To be sure, these authorities do not yet think such action necessary, but the runs at several regional banks this March has gotten the wheels turning. According to Bloomberg, there is one legal framework currently under discussion for expanding FDIC coverage that makes use of the Exchange Stabilization Fund.
This fund was created back in the Great Depression era, and has been used in the past to buy and sell currencies and to provide financing when necessary to foreign governments. This is the only pool of money under the full authority of the Secretary of the Treasury, which is a way to get around the Legislative branch of government.
Speaking of the Secretary...
Treasury Secretary Janet Yellen is expected to give the keynote address today (Tuesday) at the American Bankers Association Summit in Washington, DC. Earlier, copies of her address were distributed to the media. Yellen is expected to say, "The steps we took were not focused on aiding specific banks or classes of banks. Our intervention was necessary to protect the broader US banking system. And similar actions could be warranted if smaller institutions suffer deposit runs that pose the risk of contagion."
Madam Secretary will attempt to soothe... "The situation is stabilizing. And the US banking system remains sound. The Fed facility and discount window lending are working as intended to provide liquidity to the banking system. Aggregate deposit outflows from regional banks have stabilized."
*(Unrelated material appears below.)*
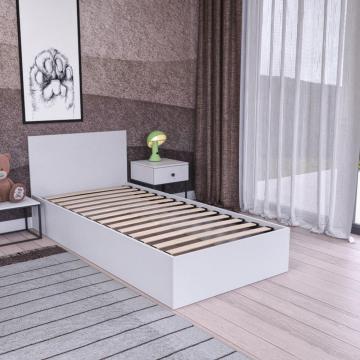 Somiera single modulara cu lamele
Lastly, the Secretary will try to cement a place for regional banks... "Large banks play an important role in our economy, but so do small and mid-sized banks. These banks are heavily engaged in traditional banking services that provide vital credit and financial support to families and small businesses. They also increase competition in the banking sector, and often have specialized knowledge and expertise in the communities they invest in."
Now...
Look at the last part of the first segment above. This (Exchange Stabilization Fund) is the only pool of money under the full authority of the Secretary of the Treasury. Now look at the back half of the first paragraph in my second segment... "Our intervention was necessary to protect the broader US banking system. And similar actions could be warranted if smaller institutions suffer deposit runs that pose the risk of contagion."
Is This Tradeable?
I think so. I entered into long positions in both KeyCorp (KEY) largely because I have traded this name well in my past, and First Republic Bank (FRC) largely because this stock is currently the epicenter of both Janet Yellen's and JPMorgan Chase (JPM) CEO Jamie Dimon's attempts to stabilize the regional US banking sector in aggregate.
My play is that with the support that we know the 11 banks that deposited $30B at First Republic are working on, and with the suggestive words that will be spoken by Secretary Yellen this morning, that the algorithms that control price discovery in 2023 will take over and drive some regional banks in a northerly direction, at least in the short-term.
I have no intention whatsoever to carry these long positions into Wednesday's FOMC policy decision. I am already up small on both of these positions. My goal is to either make 20% (FRC) or 10% (KEY). My panic point is a loss of 8% for both. Whichever comes first.... I am out of here.
These positions are rather smallish (about 1/8) of what I would consider a core investment stake, and are strictly trades. I am not getting married to either one of these, and I don't care if I make my 10% or 20% quickly and the stocks run much further. I just know that I will not tolerate any loss greater than 8%. Ever.